» **RECORDED INFORMATION**:
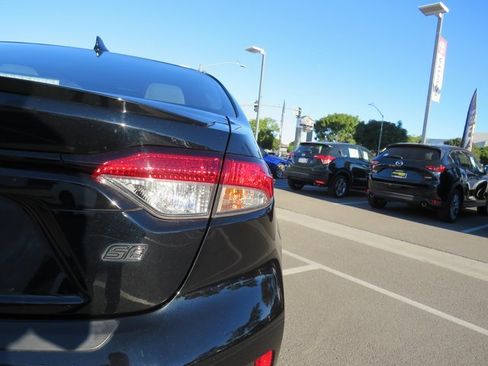 Certified 2024 Toyota Corolla SE image 11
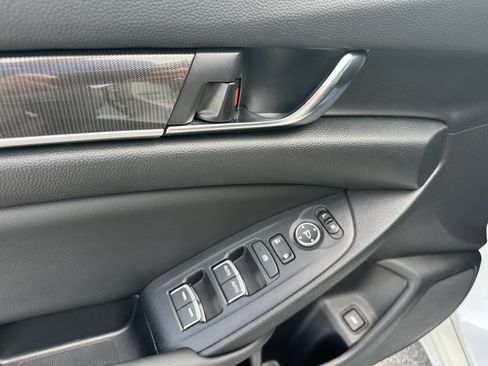 Used 2022 Honda Accord Sport image 13
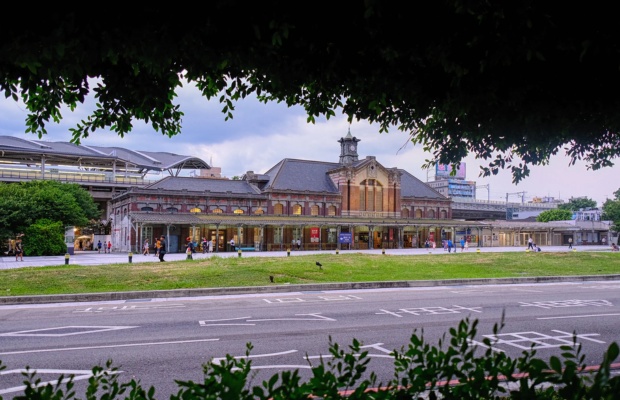 Kh&ocirc;ng gian Tielu Street gần taichung old station. 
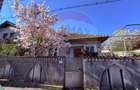 Casă de vanzare cu curte | 4 camere | Zona Gorjului | Teren generos - 1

» **EXERCISE DESCRIPTION**: Print the entire listing precisely as written, omitting the images it holds.

» **SOLUTION FOR THIS TASK**:
 Certified 2024 Toyota Corolla SE image 11
 Used 2022 Honda Accord Sport image 13
 Kh&ocirc;ng gian Tielu Street gần taichung old station. 
 Casă de vanzare cu curte | 4 camere | Zona Gorjului | Teren generos - 1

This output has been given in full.